• ABOUT THIS TASK
Return only that part of the material below which starts with the line containing "Peugeot Partner LWB" and goes on through the line containing "Matchup: Parkway Christian", restated exactly.

*** DATA FOR THE TASK ***

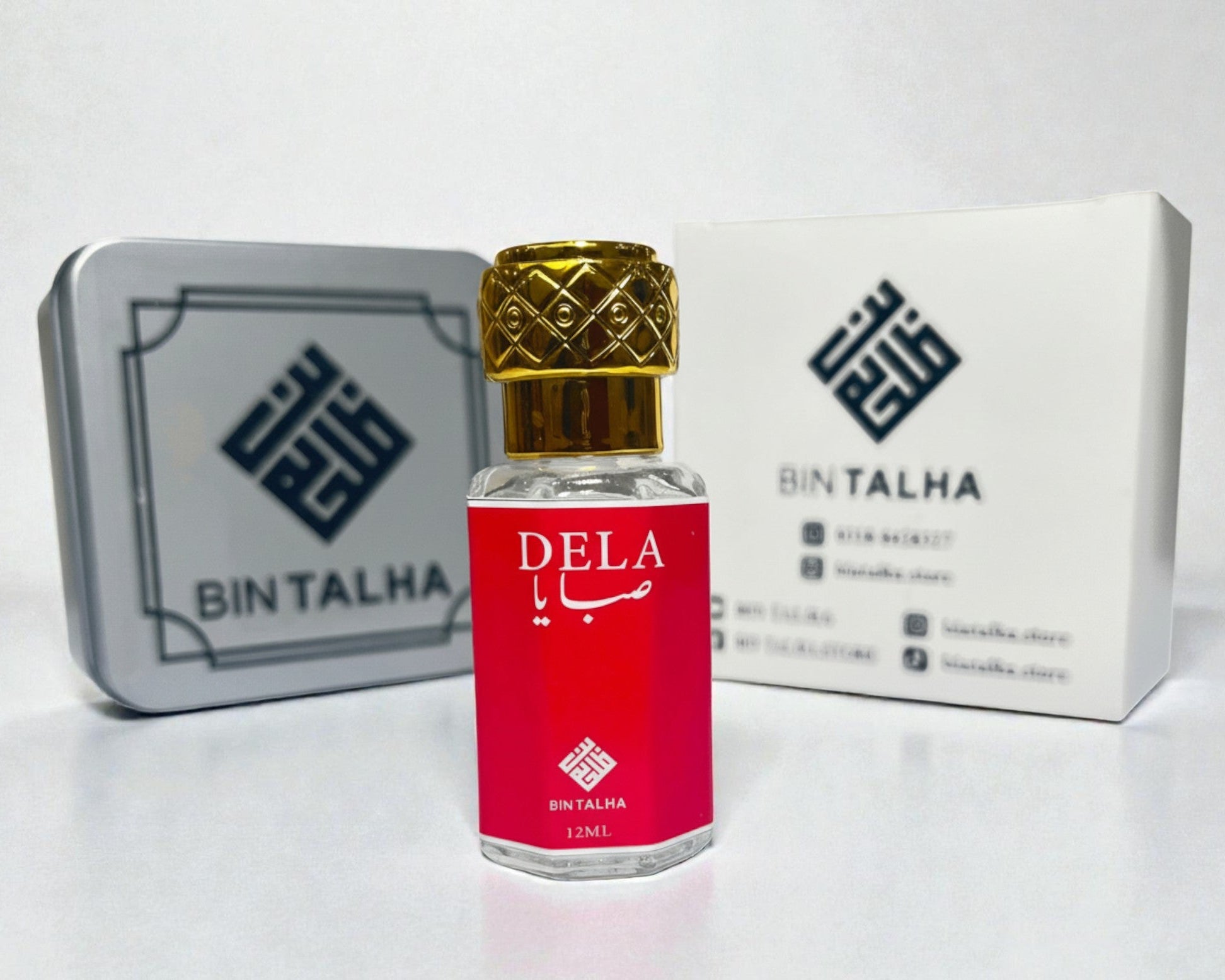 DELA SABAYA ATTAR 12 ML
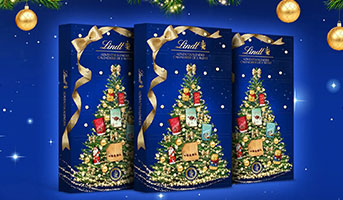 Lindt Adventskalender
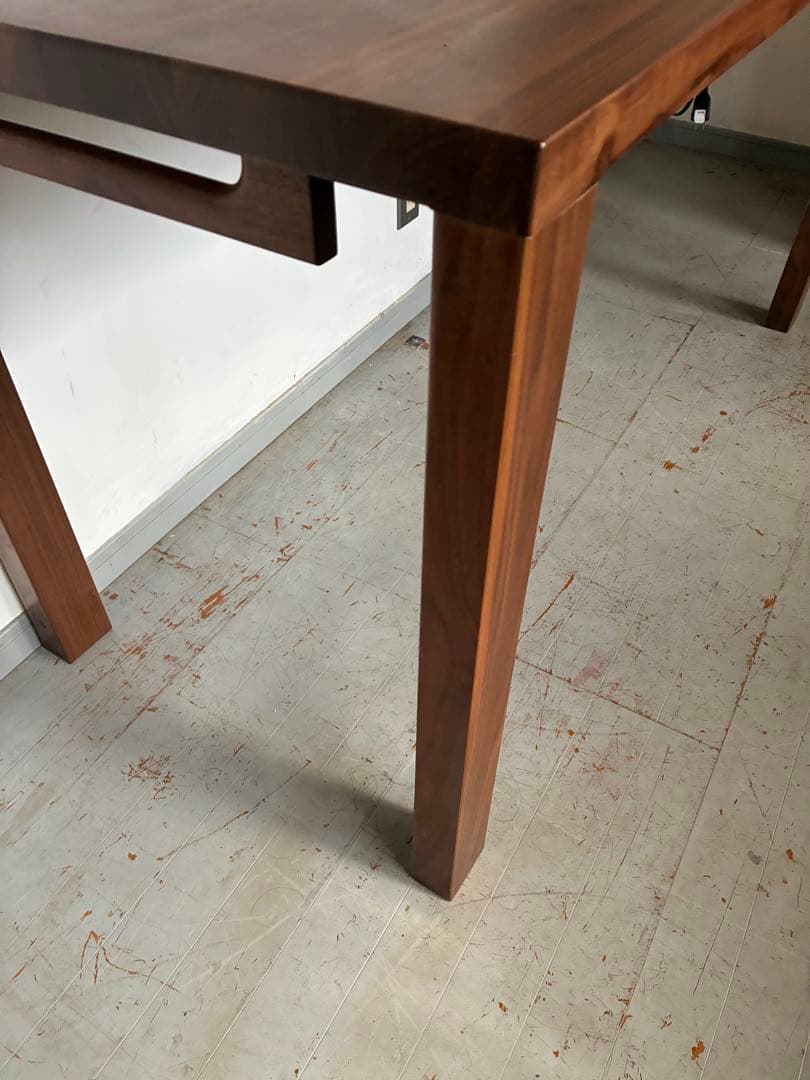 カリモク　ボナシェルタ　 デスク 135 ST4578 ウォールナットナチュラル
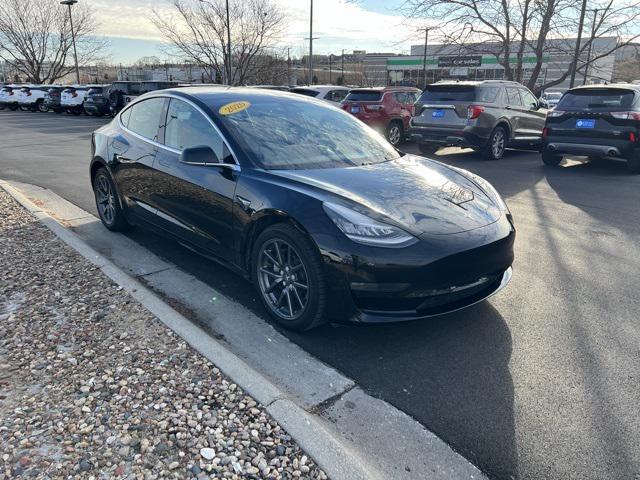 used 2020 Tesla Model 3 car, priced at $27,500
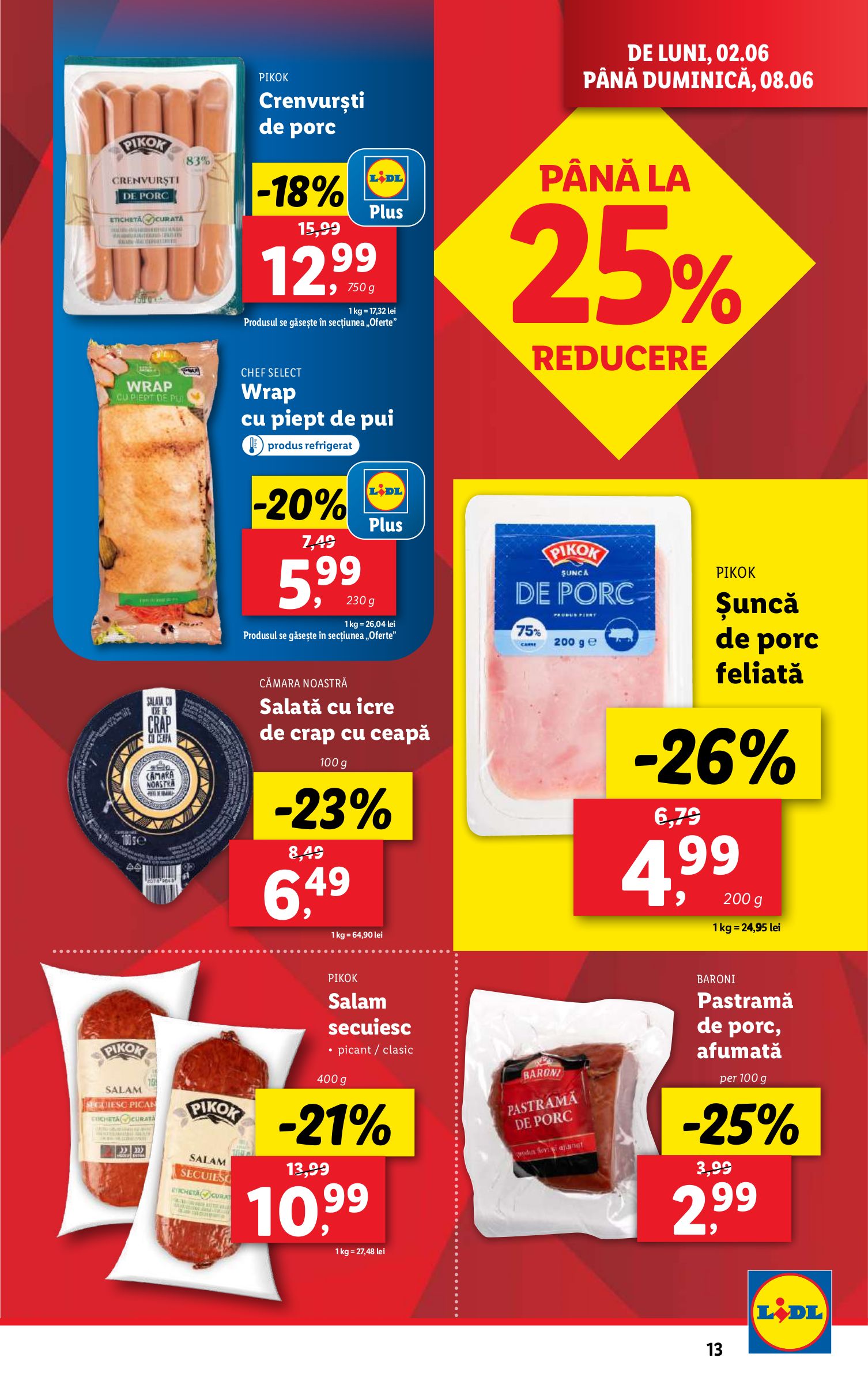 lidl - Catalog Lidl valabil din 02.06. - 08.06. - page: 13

*** End of DATA FOR THE TASK ***
*** DATA FOR THE TASK ***

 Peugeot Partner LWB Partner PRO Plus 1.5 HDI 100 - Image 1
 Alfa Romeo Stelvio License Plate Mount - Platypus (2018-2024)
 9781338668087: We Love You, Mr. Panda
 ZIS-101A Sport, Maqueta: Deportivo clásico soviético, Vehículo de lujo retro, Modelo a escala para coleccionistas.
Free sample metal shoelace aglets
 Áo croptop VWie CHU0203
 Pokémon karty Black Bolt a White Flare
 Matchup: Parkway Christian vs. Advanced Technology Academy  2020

*** End of DATA FOR THE TASK ***

• YOUR SOLUTION
 Peugeot Partner LWB Partner PRO Plus 1.5 HDI 100 - Image 1
 Alfa Romeo Stelvio License Plate Mount - Platypus (2018-2024)
 9781338668087: We Love You, Mr. Panda
 ZIS-101A Sport, Maqueta: Deportivo clásico soviético, Vehículo de lujo retro, Modelo a escala para coleccionistas.
Free sample metal shoelace aglets
 Áo croptop VWie CHU0203
 Pokémon karty Black Bolt a White Flare
 Matchup: Parkway Christian vs. Advanced Technology Academy  2020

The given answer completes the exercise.